In a letter to employees Thursday, Pfizer CEO Albert Bourla doubled down on his promise that the pharmaceutical company's development of a coronavirus vaccine will "never succumb to political pressure."
"The only pressure we feel — and it weighs heavy — are the billions of people, millions of businesses and hundreds of government officials that are depending on us," Bourla wrote.
"When you get money from someone, that always comes with strings,” the executive said. “They want to see how you're going to progress, what type of moves you're going to do, they want reports. I didn't want to have any of that. Basically, I gave them an open checkbook so that they can worry only about scientific challenges, not anything else. And also, I wanted to keep Pfizer out of politics, by the way."
Bourla expressed his disappointment Thursday that the prevention for a deadly disease was discussed "in political terms rather than scientific facts" during Tuesday night's presidential debate.
During the debate Tuesday night, President Trump said that a vaccine is "weeks away" after speaking with Pfizer and Johnson and Johnson. He also disagreed with health officials who said a widely available vaccine would not be ready until next summer.
"People, who are understandably confused, don’t know whom or what to believe," Bourla said.

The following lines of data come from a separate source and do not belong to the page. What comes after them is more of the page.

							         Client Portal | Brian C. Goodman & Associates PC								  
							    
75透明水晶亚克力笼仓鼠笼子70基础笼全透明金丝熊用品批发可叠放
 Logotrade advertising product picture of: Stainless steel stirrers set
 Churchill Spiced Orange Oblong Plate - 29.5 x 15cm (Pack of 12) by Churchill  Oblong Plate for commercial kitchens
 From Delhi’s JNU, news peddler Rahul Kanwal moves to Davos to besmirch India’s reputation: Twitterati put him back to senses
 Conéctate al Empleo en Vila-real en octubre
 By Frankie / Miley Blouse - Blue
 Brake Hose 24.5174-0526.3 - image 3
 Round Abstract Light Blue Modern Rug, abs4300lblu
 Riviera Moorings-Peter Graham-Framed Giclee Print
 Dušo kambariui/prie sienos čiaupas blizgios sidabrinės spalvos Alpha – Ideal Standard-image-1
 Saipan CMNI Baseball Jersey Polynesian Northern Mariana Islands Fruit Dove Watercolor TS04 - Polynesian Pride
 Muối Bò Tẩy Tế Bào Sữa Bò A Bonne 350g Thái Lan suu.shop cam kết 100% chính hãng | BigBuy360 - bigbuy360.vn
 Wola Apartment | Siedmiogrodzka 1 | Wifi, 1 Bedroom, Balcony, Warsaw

He previously told CBS that it is a "likely scenario" that the company’s coronavirus vaccine could be distributed to Americans before the new year, noting that Pfizer's studies could provide conclusive results on whether the vaccine is effective by the end of October.
However, Bourla argued that the distribution of the vaccine is entirely dependant on if and when regulators like the Food and Drug Administration issue a license and deem the vaccine safe and effective.
"In this hyper-partisan year, there are some who would like us to move more quickly and others who argue for delay," Bourla added in the memo. "Neither of those options are acceptable to me."
He reiterated his belief that the vaccine development process should be allowed to proceed without cutting any corners and warned that the "amplified political rhetoric" surrounding vaccine development, timing, and political credit is "undercutting public confidence."
"I can’t predict exactly when, or even if our vaccine will be approved by the FDA for distribution to the public," Bourla said. "But I do know that the world will be safer if we stop talking about the vaccines’ delivery in political terms and focus instead on a rigorous independent scientific evaluation and a robust independent approval process."
Pfizer, which is developing the vaccine candidate in partnership with BioNTech, is currently recruiting 44,000 people for its late-stage study. The company, along with other vaccine developers, issued a joint pledge in September that they will wait to seek emergency government approval for the vaccine until human trials show "substantial evidence of safety and efficacy."
The race for a vaccine comes as there are more than 7.2 million confirmed coronavirus cases in the United States and more than 207,000 related deaths, according to the latest update by Johns Hopkins University.